For each patient we make numerous decisions about their symptoms, findings from physical examination, clinical context, laboratory and radiology tests, other imaging studies, and so on. If we multiply these decisions by the number of patients evaluated in a saturated emergency service, per doctor and per shift, then they come to count in the hundreds, which increases the risk of errors in medical care.
The inability to admit patients to the hospital for lack of beds on floors or in hospital services is identified as the main cause of saturation of the service, which requires EMS to keep these patients in the area until there are hospital beds available or the patient is transferred to another hospital, an issue that reduces the response capacity of the whole service to admit and treat new patients.9,10 This problem also causes the redirection of ambulances with patients arriving directly from the area of the accident or serious clinical event, or who are referred from other clinics and hospitals. The continuous and prolonged treatment in the emergency department of patients who should be hospitalized consumes doctors’ and nurses’ time and attention and delays the evaluation and treatment of new patients. Many internal factors and others external or unrelated to EMS contribute to this problem, such as the lack of beds in the hospital's services, the inflexibility of the nurse-patient or doctor-patient ratios, lack of staff (usually nurses), isolation techniques for ill patients, delays in "administrative" discharge or cleaning beds after patients leave hospitalization, delays in planning and scheduling outpatient follow-up for patients who are being discharged from the hospital (failure of the hospital pre-discharge system), and so on. All these factors are a bottleneck that prolongs the stay in EMS unnecessarily.

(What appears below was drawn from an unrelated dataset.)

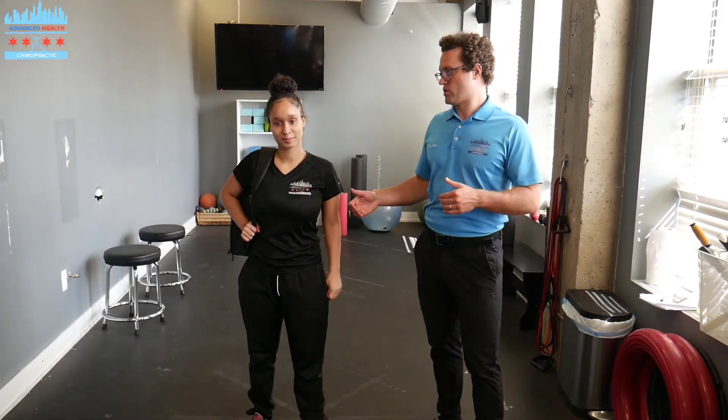Hey guys, Dr. Loop back with Advanced Health Chiropractic down here in the South Loop in Chicago. We're back with Jaslyn and this one is for all the parents out there who have children that are essentially wearing backpacks.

The number of readmissions to these services after 48 hours of discharge is an adequate indicator of quality because it identifies inappropriate expenditures or a barrier to access to medical care monitoring and control.

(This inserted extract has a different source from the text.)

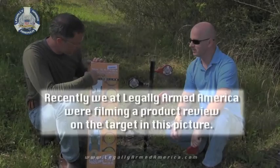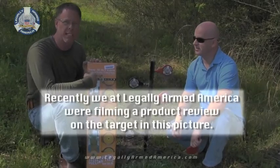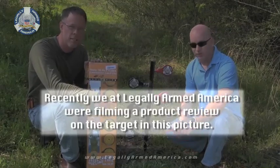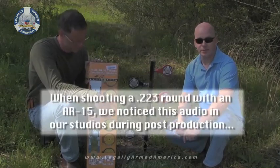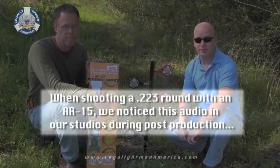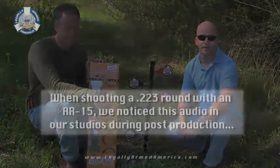While this thing is rated for everything from a 9mm to a .30-06, we kind of did break the rules a little bit. The instructions recommend 30-yard distance for pistol calibers and about 100 yards for rifles. We were set up at probably 15 to 20 yards.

Of the many factors that determine EMS saturation, some originate in the emergency room itself, others in different parts of the hospital, and some are even caused by the actual health sector. The diversity in size, location (urban, suburban, or rural), type of hospital where the service is, geographic area, coverage, infrastructure, number and training of personnel, equipment, budget, type and degree of control of its processes, among other factors, make all EMS different; for these reasons, as a physician or administrator it is useful to functionally analyze emergency department saturation from the perspective of the service itself, as it allows us a systematic understanding of the problem. This approach will allow us to measure and try to solve the problems that are rooted in the service itself.11
Conflict of interest statement: The authors have completed and submitted the form translated into Spanish for the declaration of potential conflicts of interest of the International Committee of Medical Journal Editors, and none were reported in relation to this article.